The goal of this project is using machine learning model to generate long drum-track for a given song. With SSM as song structure representation, we successfully demonstrate that it is possible to generate drum-track with long-term consistency. This project uses Google's TensorFlow and Jupyter Notebook to make the implementation easier.
- Data Pre-Processing: Melodic-track MIDI data is synthesized into 44.1 kHz mono-channel audio, then, converted and divided into CQT spectrogram on bar basis. Each bar is a 84 x 96 matrix. Drum tracks are down-sampled to 46 x 16 for each bar.
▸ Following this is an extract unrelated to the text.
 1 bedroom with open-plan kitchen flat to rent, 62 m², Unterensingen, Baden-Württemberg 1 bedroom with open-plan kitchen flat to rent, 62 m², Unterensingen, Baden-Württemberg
- Bar Selection: To encode song structure, 7-nearest bars are identified for every bar-level spectrogram based on drum SSM to provide relevant information for generating rhythm compatible drum patterns.
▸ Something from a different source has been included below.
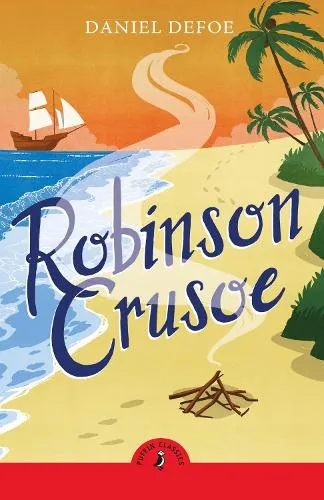 Daniel Defoe Robinson Crusoe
- Training: Selected 8-bar spectrogram are feed into a VAE-based drum pattern generator as input. Symbolic drum track data is used as ground truth to train the model.
- Generation: Similar procedure is performed to generate drum patterns for each single bar except inferred drum SSM is applied for bar selection.
Listening example is available here. (may take a while to open.)
- Intel E5 2660 V4 + Nvidia 1080 Ti (CUDA 9.0 + CUDNN 7.5)
- Ubuntu 18.04
- Python 3.6
- Jupyter Notebook
- Tensorflow 1.14
- Librosa
- FluidSynth
For now, we only provide generation part of our model. For training details, please refer to our paper. You can follow the the steps below to generate you own drum track.
- Download all repository files into your local folder, say, ~/drum_generation/
- Download the SountFonts here, extract and put it into ~/drum_generation/
- Download pre-trained drum generation model according to the guildline in "drum_generator_model/readme.md"
- Put your own MIDI files into folder "drum_generator_model/input_midi/" (Check the file naming rules in "step_1_midi_data_preprocessing.ipynb")
- Install Python dependencies
- Run the Notebook files from step_1_ to step_5_ to generate drum tracks for input MIDI files in "input_midi" folder
- Use your own DAW to check the generated drum tracks in the MIDI file in "output_midi" folder
-
step_1_midi_data_preprocessing.ipynb
The file contains most pre-processing steps taken for the purposed model. From input MIDI file, we can extract melodic track spectrogram and melodic/drum SSM data. -
step_2_generate_drum_ssm_from_melodic_ssm.ipynb
The file contains drum SSM generation model and all the necessary procedures to predict drum SSM from an input melodic SSM. -
step_3_extract_bar_selection_info.ipynb
With generated drum SSM in step 2, bar selection mechanism is now applied on melodic track spectrogram to select most relevant bars for drum track generation. -
step_4_generate_drum_pattern.ipynb
Use pre-trained drum generation model to generate drum track data (format: numpy array). -
step_5_convert_data_into_MIDI.ipynb
Convert generate drum track data into MIDI format, output file are placed in folder "output_midi"